Five questions with Sardorbek Yusupov, Visiting Scholar from Uzbekistan
Sardorbek Yusupov, a legal scholar and law professor from Tashkent, Uzbekistan, is a visiting scholar at the University of Kansas School of Law for the fall 2021 semester.
Yusupov serves as an associate professor and head in the Department of Administrative and Financial Law at the Tashkent State University of Law, located in Tashkent, Uzbekistan. At Tashkent State University of Law, he currently teaches courses such as Administrative Law, Constitutional Law, Financial Law, and Soft Skills for Lawyers.
Yusupov is participating in KU Law’s overseas visiting scholars program as a fellow in the Faculty Enrichment Program administered by the American Councils for International Education.
Why did you choose to study at KU Law? How did you learn about our program and establish contact?
First of all, I am very happy and excited to be studying at the KU School of Law.
I am very happy that the teachers and administration staff of the university are helping me. I thank the American Councils for International Education for helping me with this process. The reason is that I won a grant by participating in my own project under the Faculty Enrichment Program announced by the American Councils. As a result, I had the opportunity to study at this university.
I am here to further develop my professional potential and learn about the management style of teachers, their teaching, organization of trainings, methods of student assessment, observation of simulation lessons, how to analyze the judicial process among students, and the activities of the legal clinic.
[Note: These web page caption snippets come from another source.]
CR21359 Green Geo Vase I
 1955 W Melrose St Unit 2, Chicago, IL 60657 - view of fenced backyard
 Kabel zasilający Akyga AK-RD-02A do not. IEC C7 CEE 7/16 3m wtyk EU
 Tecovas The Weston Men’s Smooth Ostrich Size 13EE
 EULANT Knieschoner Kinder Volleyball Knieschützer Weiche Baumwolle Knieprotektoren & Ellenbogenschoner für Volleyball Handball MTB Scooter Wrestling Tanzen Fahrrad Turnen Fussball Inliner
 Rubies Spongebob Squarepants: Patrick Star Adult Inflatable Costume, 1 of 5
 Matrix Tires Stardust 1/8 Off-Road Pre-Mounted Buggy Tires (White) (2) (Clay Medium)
I want to study how it is organized and basically how the university operates in a self-financing system and collect information about the process of raising and distributing funds.
What are your professional goals for your time at KU Law? What will be your next career step after your time here?
Through this, I want to publish an article and continue my work using the experience I have gained at my university when I return to my homeland. The reason is that the university is one of the universities that has moved us to a self-financing system. However, this field is still new in our country. So, I want to put this area, the experience I gained through KU and the KU School of Law, into practice.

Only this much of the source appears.